● Your task: Please copy the records below word for word, leaving out the pictures.

[Task material Boundary: Start]

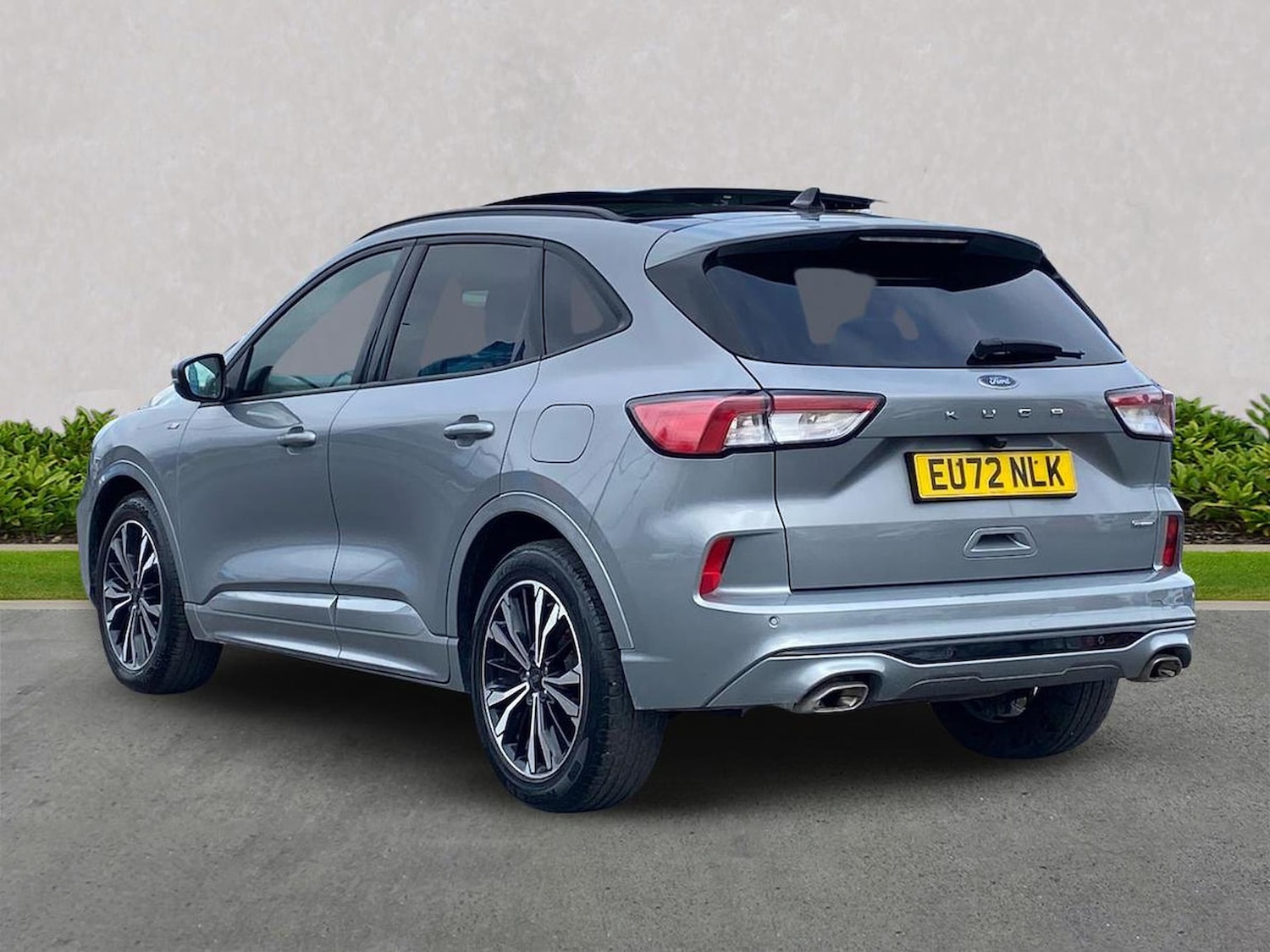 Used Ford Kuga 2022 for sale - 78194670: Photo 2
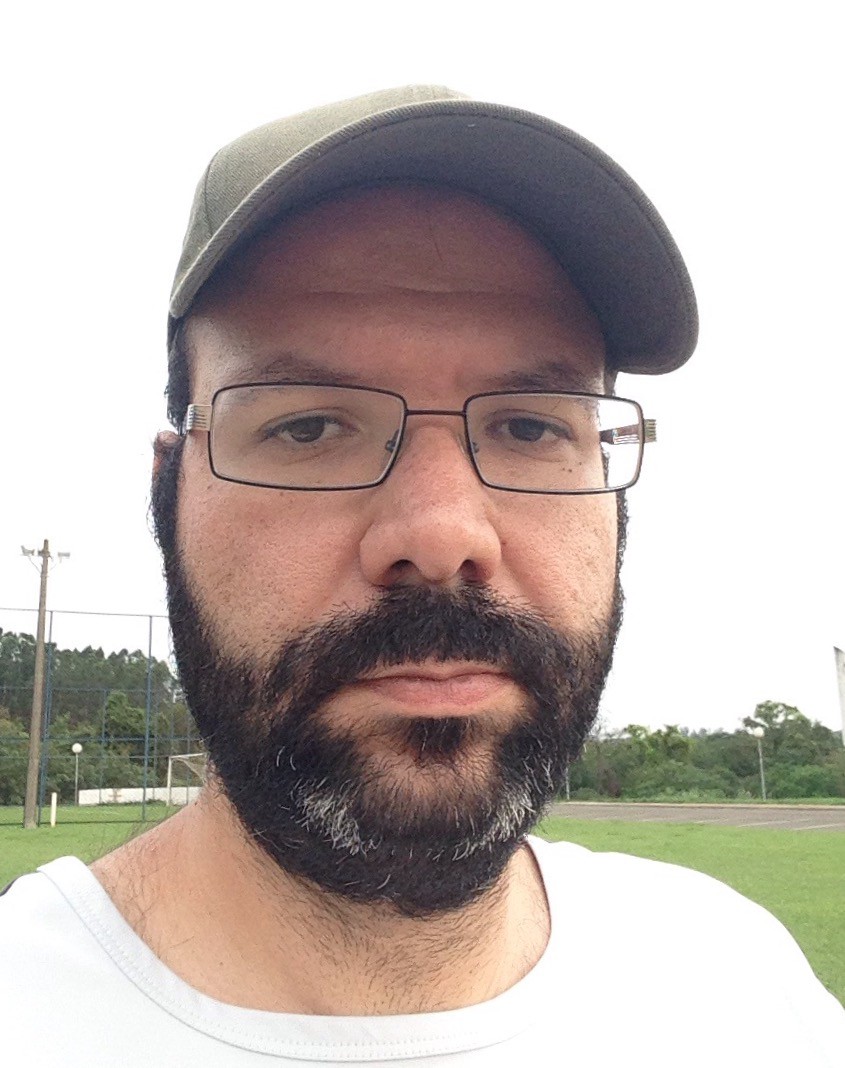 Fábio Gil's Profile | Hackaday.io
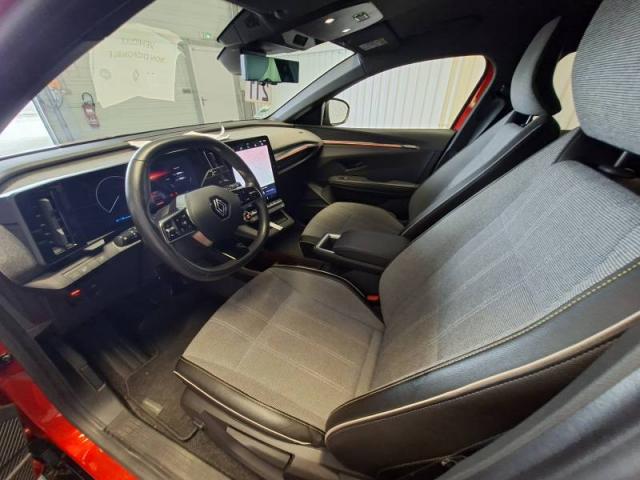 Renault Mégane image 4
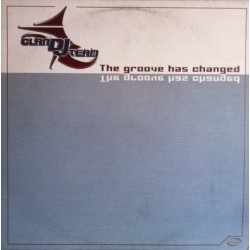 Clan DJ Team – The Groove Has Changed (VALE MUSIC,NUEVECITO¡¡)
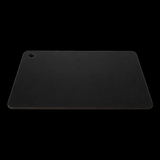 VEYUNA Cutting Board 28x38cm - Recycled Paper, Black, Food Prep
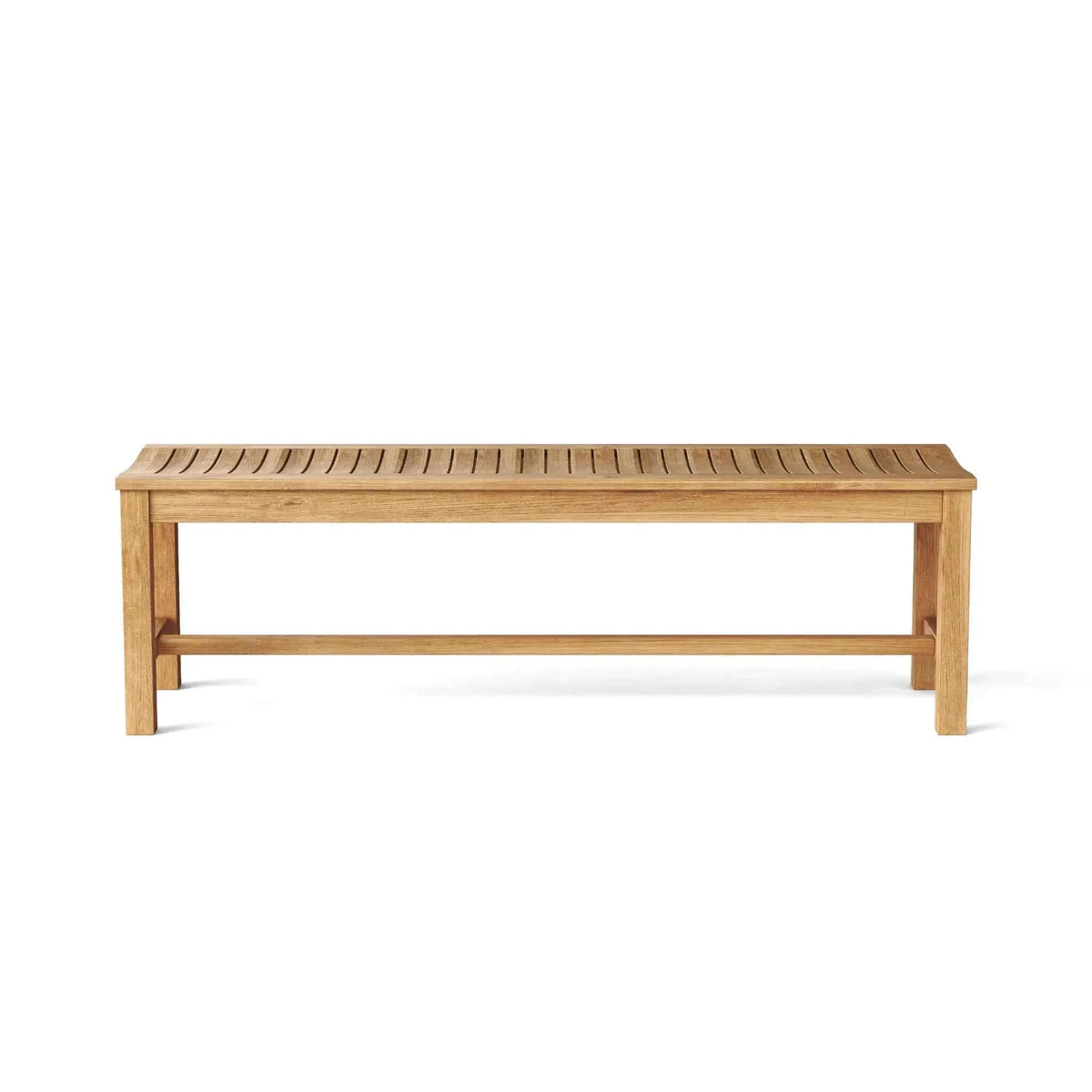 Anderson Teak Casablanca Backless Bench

[Task material Boundary: End]

● Written reply:
 Used Ford Kuga 2022 for sale - 78194670: Photo 2
 Fábio Gil's Profile | Hackaday.io
 Renault Mégane image 4
 Clan DJ Team – The Groove Has Changed (VALE MUSIC,NUEVECITO¡¡)
 VEYUNA Cutting Board 28x38cm - Recycled Paper, Black, Food Prep
 Anderson Teak Casablanca Backless Bench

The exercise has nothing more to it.